Accuracy for predicting incomplete passes using Decision Trees: 0.6720319090423775


#### Ensembles

In [None]:
def Random_Forests_Football(features, labels):
    
    #Create the Random Forest Classifier
    random_forest_classifier = RandomForestClassifier()
    forest_parameters = {'max_depth': [5, 10, 15, 20, 25], 
                         'min_samples_leaf': [5, 10, 15, 20], 
                         'max_features': ['sqrt', 'log2']}
    
    #Tune model with best parameters using GridSearch
    forest_grid_search = GridSearchCV(random_forest_classifier, param_grid = forest_parameters, cv = 5, scoring = 'accuracy')
    forest_grid_search = forest_grid_search.fit(features, labels)
    best_params = forest_grid_search.best_params_

    #Pass GridSearchCV into cross_val_score
    final_report = cross_val_score(forest_grid_search, features, labels, cv = 10)
    avg_accuracy = final_report.mean()

    return [best_params, final_report, avg_accuracy]
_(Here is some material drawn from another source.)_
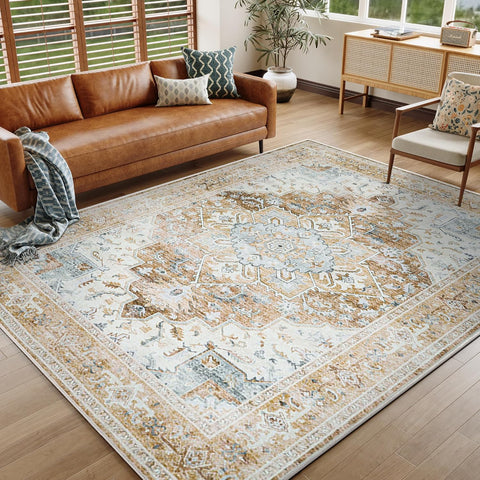 PureCozy 6x9 brick red washable area rug with vintage distressed design in a bedroom and living room setup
def Ada_Boost_Football(features, labels):
    
    #Create the ADA Boost Classifier
    ada_boost_classifier = AdaBoostClassifier()
    ada_parameters = {'n_estimators': list(range(50, 151, 25))}
    
    #Tune model with best parameters using GridSearch
    ada_grid_search = GridSearchCV(ada_boost_classifier, param_grid = ada_parameters, cv = 5, scoring = 'accuracy')
    ada_grid_search = ada_grid_search.fit(features, labels)
    best_params = ada_grid_search.best_params_

    #Pass GridSearchCV into cross_val_score
    final_report = cross_val_score(ada_grid_search, features, labels, cv = 10)
    avg_accuracy = final_report.mean()
    
    return [best_params, final_report, avg_accuracy]

In [None]:
#Random Forests and ADA Boost for Touchdowns

#Call Random Forests method
TD_vals_RF = Random_Forests_Football(features_TD, labels_TD)
TD_RF_best_params = TD_vals_RF[0]
TD_RF_accuracy = TD_vals_RF[2]

#Call ADA Boost method
TD_vals_AB = Ada_Boost_Football(features_TD, labels_TD)
TD_AB_best_params = TD_vals_AB[0]
TD_AB_accuracy = TD_vals_AB[2]

print('Accuracy for predicting touchdowns using Random Forests: ' + str(TD_RF_accuracy))
print('Accuracy for predicting touchdowns using ADA Boost: ' + str(TD_AB_accuracy))

In [None]:
#Random Forests and ADA Boost for Interceptions

#Call Random Forests method
Int_vals_RF = Random_Forests_Football(features_Int, labels_Int)
Int_RF_best_params = Int_vals_RF[0]
Int_RF_accuracy = Int_vals_RF[2]

#Call ADA Boost method
Int_vals_AB = Ada_Boost_Football(features_Int, labels_Int)
Int_AB_best_params = Int_vals_AB[0]
Int_AB_accuracy = Int_vals_AB[2]

print('Accuracy for predicting interceptions using Random Forests: ' + str(Int_RF_accuracy))
print('Accuracy for predicting interceptions using ADA Boost: ' + str(Int_AB_accuracy))

In [None]:
#Random Forests and ADA Boost for Fumbles

#Call Random Forests method
Fum_vals_RF = Random_Forests_Football(features_Fum, labels_Fum)
Fum_RF_best_params = Fum_vals_RF[0]
Fum_RF_accuracy = Fum_vals_RF[2]

#Call ADA Boost method
Fum_vals_AB = Ada_Boost_Football(features_Fum, labels_Fum)
Fum_AB_best_params = Fum_vals_AB[0]
Fum_AB_accuracy = Fum_vals_AB[2]

print('Accuracy for predicting fumbles using Random Forests: ' + str(Fum_RF_accuracy))
print('Accuracy for predicting fumbles using ADA Boost: ' + str(Fum_AB_accuracy))

In [None]:
#Random Forests and ADA Boost for Incomplete Passes

#Call Random Forests method
IC_vals_RF = Random_Forests_Football(features_IC, labels_IC)
IC_RF_best_params = IC_vals_RF[0]
IC_RF_accuracy = IC_vals_RF[2]

#Call ADA Boost method
IC_vals_AB = Ada_Boost_Football(features_IC, labels_IC)
IC_AB_best_params = IC_vals_AB[0]
IC_AB_accuracy = IC_vals_AB[2]

print('Accuracy for predicting incomplete passes using Random Forests: ' + str(IC_RF_accuracy))
print('Accuracy for predicting incomplete passes using ADA Boost: ' + str(IC_AB_accuracy))

## Model Analysis

In [None]:
#Compare accuracy scores and other metrics for our different models.
#How confident are we in the success rates of these various models?

In [None]:
#Discuss which model was the best.

In [None]:
#Discuss data. What issues may have existed in the data?  What assumptions did we make? What could have made our data better?

In [None]:
#Discuss our project as a whole. How could we have improved project? How might this model be used in real world applications?